Sideways movement for freight rates of tankers across the board suggest new analysis
Friday, 13 April 2012 | 00:00
With the winter over and some of the ice-class tankers having reaped the benefits, attention now turns towards the July 1st deadline on the full halt of EU oil imports from Iran and its impact on the tanker market. in its latest analysis, BIMCO said that going into April and May, freight rates will move more or less sideways. "For VLCCs, that translates into USD 20,000-30,000 per day. Suezmaxes are expected to mirror the fairly positive VLCC freight rates at USD 15,000-25,000 per day. Aframax vessels are under pressure from the high Brent oil price and expected to move between USD 5,000-15,000 per day" BIMCO said.
It carried on by mentioning that “short term factors that may affect our rate forecast on the upside or downside are: changing trading patterns for AG-crude oil resulting from the situation with Iran, disruptions to traffic in bottleneck areas and Atlantic-clean products trading as US refineries close down and demand from EU can change. On the macro level, factors such as oil price development and the progress of economic recovery in major oil consuming nations can affect rates. Handysize and MR clean rates could be supported by stronger demand from the US and EU, to make freight rates move around USD 5,000- 15,000 per day, with Handysize making more than MR. Earnings on benchmark routes for LR1 and LR2 from AG going East holds limited potential for massive rate moves, and we expect freight rates to stay flat around between USD 500-8,000 per day” said BIMCO’s report.
In terms of supply, Chief Shipping analyst Peter Sand said that “the overall tanker fleet is forecast to grow by 5.9%, with most focus on the crude tanker segments where growth will be significant.

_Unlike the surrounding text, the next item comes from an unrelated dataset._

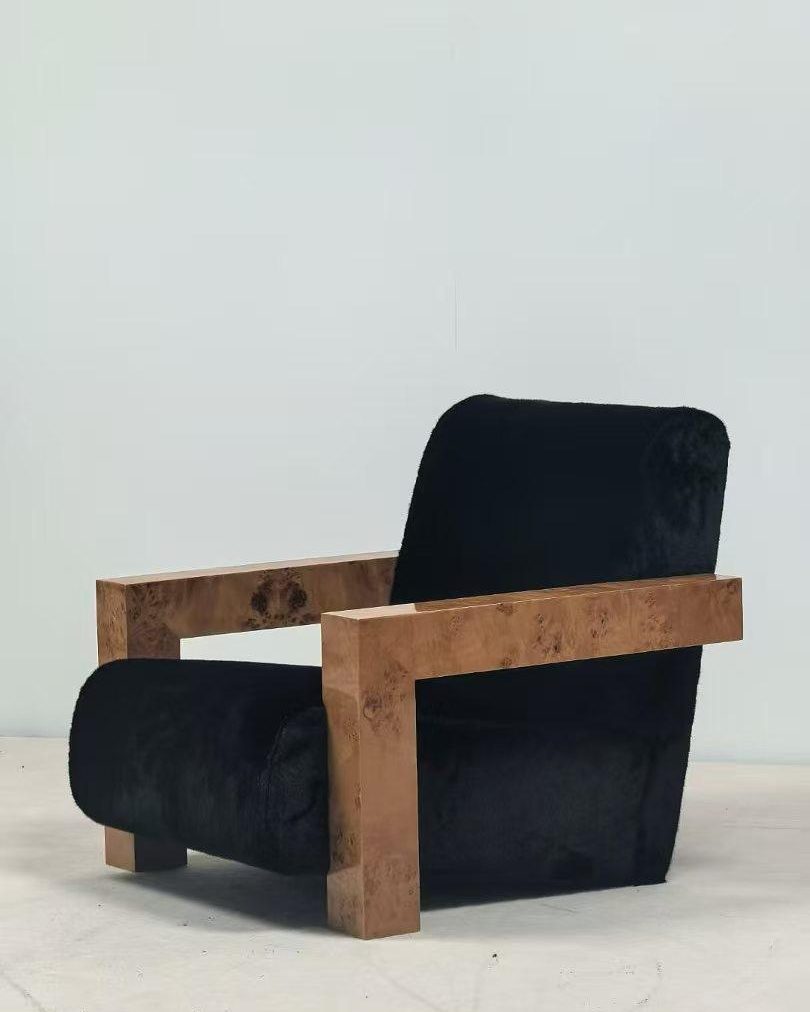 Black-framed lounge armchair with navy upholstery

Meanwhile, the product tanker fleet is about to receive less than 4 million DWT in net growth, which is the lowest amount of tonnage since 2003”. In terms of the crude market, “while 14 new VLCCs have been delivered during the first quarter of 2012, another 11 new Suezmax Crude Carriers and 12 new Aframax Crude Carriers have entered the fleet too. In the meantime, 4 VLCC (of which two single skins), 7 Suezmax and just one Aframax have been sold for recycling. This means that the total crude tanker fleet grew by 1.0%, as 7.4 million DWT of new tonnage was delivered and 3.0 million DWT was removed. As the deliveries came in as expected, the recycling of overage tonnage can be seen as the positive event limiting first quarter fleet growth” said the report.

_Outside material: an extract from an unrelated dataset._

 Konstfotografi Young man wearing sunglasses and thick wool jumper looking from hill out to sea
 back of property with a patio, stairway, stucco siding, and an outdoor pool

BIMCO has an unchanged forecast for tanker fleet growth for the entire year. The product tanker fleet is expected to see low growth of 3.4% and the crude tanker fleet is expected to see a growth level similar to that of 2011 at 6.4%. The pace at which new orders have been placed is one of the positive stories in 2012 so far. While the amount of new product tanker tonnage orders was at par with deliveries, the new contracts signed in the crude tanker segment were as low as 1.5 million DWT (4 VLCC, 1 Suezmax and 1 Aframax).

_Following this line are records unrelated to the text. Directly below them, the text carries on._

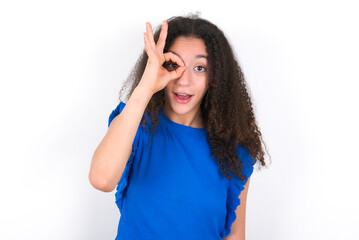 Fototapeta premium Teenager girl with afro hairstyle wearing blue T-shirt over white wall doing ok gesture shocked with surprised face, eye looking through fingers. Unbelieving expression.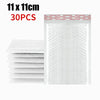 Stack of white self-sealing pearl film bubble shipping bags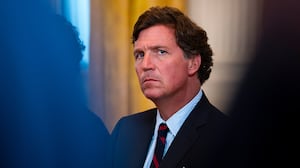 Tucker Carlson sitting down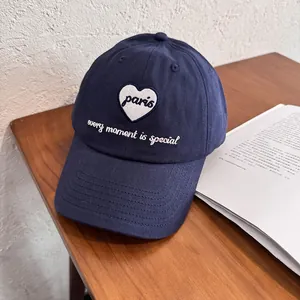 Detail of navy blue cotton cap featuring white heart embroidery and Paris text on wood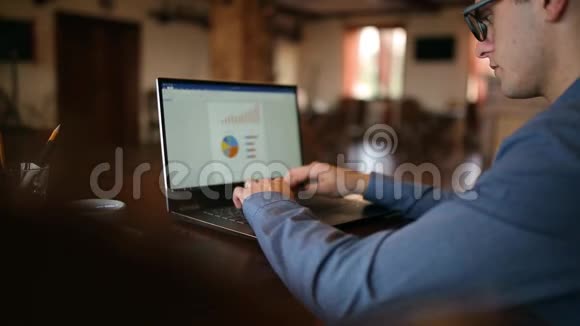 在咖啡馆里专心致志地在笔记本电脑上工作的自由主义者商人的后景人在电脑键盘上打字视频的预览图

Demand-wise, the research report notes that “the positive demand picture that was firming freight rates on benchmark routes in all crude tanker segments towards the end of 2011 and the first two months of 2012 is still hanging around. Almost the same – that is, as Aframax tanker have seen earnings on the benchmark route in the North Sea drop during February to touch the ground before taking rates to currently USD 10,500 per day. In the larger VLCC segment rates have averaged year-to-date at USD 18,000 per day on TD3 (AG/East) as compared to USD 8,000 per day on this route last year. It is clear that the situation in the Persian Gulf has motivated some owners to keep their vessels away from the area, leaving the tonnage list shorter than during most of 2011, bringing supply closer to demand and rates moving upwards. Current average VLCC rates from Middle East to Far East float around USD 35,000 per day, with some spot fixtures reported as high as USD 48,800 per day. The US and EU sanctions on Iran are beginning to bite, as in many ways, dealing with the nation has been made “impossible”. Oil is still being exported from Iran – mostly bound for Eastern destinations – but the fact that the EU is set to cut oil imports from mid-2012 is going to affect crude oil tanker trade patterns. Right now, Saudi Arabia has stepped in as a swing supplier to the EU, but whether they are able to fully compensate for Iran exports remains to be seen. Another important source of oil supply is Libya, as they strive to get back to pre-civil-war export levels. Currently, Libya is exporting 1 million barrels per day, with the potential to push this 50% higher. That would certainly ease the pressure on EU oil importers, as they seek new providers of oil. From a refinery point of view, a substitution from one type of Middle East crude oil to another is the most effective step, as a shift to the much sweeter Libyan oil can create some operational challenges. Rising oil prices remain a risk factor to the tanker industry, as they may motivate importers to reduce oil imports. Current oil prices are at USD 120 for Brent oil and USD 101 for WTI” concluded BIMCO.